Aging apps have been all the craze this week, with FaceApp’s aging filter being at the forefront of the trend. In the past couple of days, every celebrity from Ludacris to Jonas Brothers has given us a sneak peek into their biological future. We now know what they might look like when they’re in their golden years, all with the power of artificial intelligence. But with that in mind, just how has FaceApp managed to transform celebrities (and everyone else, for that matter) into their elderly versions? The answer may somewhat surprise you. Although the app is definitely powered by AI, it is also informed by our understanding of the biology related to aging.
Back in 2017, the first version of FaceApp was released and designed by Wireless Lab, a Russian company. Though the first version was fairly rudimentary and mostly related to facial hair filters, the newest updates have expanded its aging algorithm by quite a lot. That is visible from geriatric versions of particularly youthful celebrities, such as Tom Holland.
With that in mind, it’s interesting to consider what new technology FaceApp has used in its newer iterations in order to achieve such a dramatically realistic effect. The explanation that the company gives on its website is expectedly vague. The design team simply states that the app will “add a couple of wrinkles to someone’s face.” But even a cursory glance at the results that the app achieves reveals that it does more than that.
While FaceApp has remained notoriously tight-lipped regarding the details of their software solutions, we do know that the basis of it is formed by a neural network, which is a sort of artificial intelligence.

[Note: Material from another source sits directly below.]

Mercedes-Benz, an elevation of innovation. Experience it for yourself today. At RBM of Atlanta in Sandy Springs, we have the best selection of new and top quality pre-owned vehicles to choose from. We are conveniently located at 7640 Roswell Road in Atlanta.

Nonetheless, different scientists have been devoted to the study of facial aging for many decades. And their findings can give us a rough idea of the markers that the neural network powering FaceApp takes into account, as it transports the app’s users into their biological future.

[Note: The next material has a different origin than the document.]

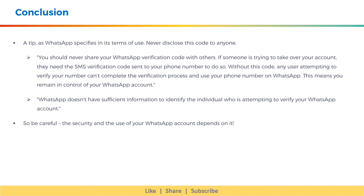A tip: what WhatsApp specifies in its terms of use is to never disclose this code to anyone. You should never share your WhatsApp verification code with others. If someone is trying to take over your account, they need the SMS verification code sent to your phone number to do so. Without this code, any user attempting to verify your number cannot complete the verification process, and you remain in control of your WhatsApp account.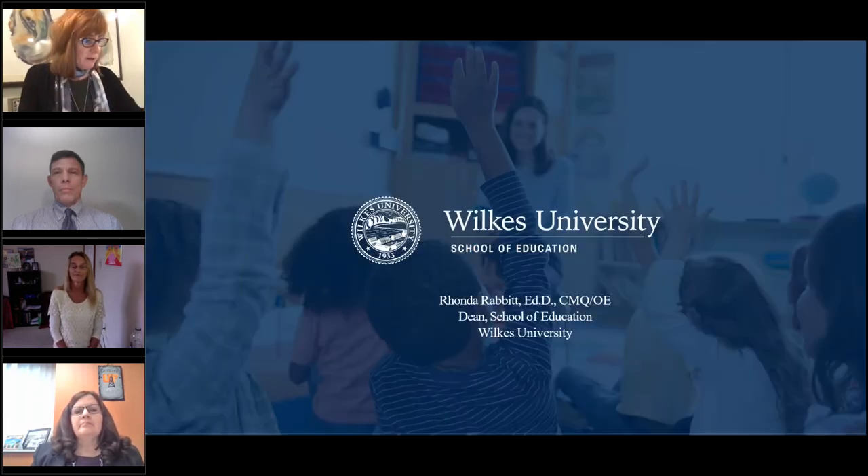It is my complete honor to introduce one of our panelists today, Dr. Rhonda Rabbitt. She is the Dean of the School of Education at Wilkes University, and at Discovery Education we've had the privilege of partnering with Wilkes for 15 years. I'm thrilled to introduce Rhonda to you.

Before delving deeper into the technology behind FaceApp, it’s worth taking a look at its historical precursors. And ages before FaceApp came into existence, there was Rembrandt. This is a Dutch artist from the 17th century, today famous for his series of extremely unflattering self-portraits, of which some 40 have been preserved to this day.
In 2012, Israeli scientists made a rough facial analysis of these portraits, whose original purpose was to discern forgeries from real paintings. However, the paper they published revealed something else. Their findings in the Israel Medical Association Journal also included “objective and subjective measures” of facial aging that they observed while measuring what sort of impact time had on the face of the artist. Believe it or not — these measures found their way into the logic used by the contemporary FaceApp imagery.
More specifically, the formula’s focus was on wrinkles that appeared as Rembrandt grew older. These included his glabellar and forehead wrinkles — the former being those that appear between someone’s eyes when they furrow their brow. In someone’s youth, these disappear along with that expression, but in later years, it seems that they stick around. Apart from that, the scientists also calculated how loose skin accumulated around people’s eyelids — the process known as dermatochalasis. Also, they observed the appearance of nasolabial folds, or in other words, the “smile lines” between the mouth and the nose.
Rembrandt’s commitment to self-portraits was, neatly for later scientists, coupled with a great love for realism. That made the process of studying aging facial features even easier. Thus, scientists were able to quantify the artist’s “jowl formation” as well as the progressive growth of fat on his upper neck. On top of all that, however, the most important metric they developed was the “brow index,” which documented how the artist’s brow line descended over time. Returning to the contemporary topic at hand, we can actually notice some of these markers within FaceApp’s technology.
What Makes Someone’s Face Appear Older?
Apart from wrinkles, there are other ways via which FaceApp gives its magical geriatric touch. There is also scientific evidence suggesting that we perceive age based on facial color contrasts as well.
A team of scientists from Pennsylvania and France gave a demonstration of the impact of color contrasts on perceived age on caucasian female faces. Those who had a high contrast of colors between different facial features and the surrounding skin usually appeared younger than those with low contrast.
That experiment was conducted in 2012. And five years later, the same group of scientists completed another study that observed facial contrasts across ethnic groups. Therein, they realized that aging definitely brought a lowering of facial contrasts, but most notably in South Asian and Caucasian women. Such a decrease in contrast was noticed in Latin American and Chinese women too but not to such a strong degree.
More importantly, they noted that an artificial increase in facial contrast made faces look far younger, further enhancing the impression that aging and facial contrasts were strongly related. Furthermore, they concluded that this was true across all studied groups, regardless of the cultural and ethnic origins of the observer or the observed.
Knowing all of this, we can more clearly examine the changes that FaceApp makes to people’s faces. There is definitely some sort of color manipulation happening, atop the extremely obvious wrinkling of the skin on the photos. It seems that these findings, along with Rembrandt’s facial markers, are some of the techniques used by FaceApp in their magical aging filter.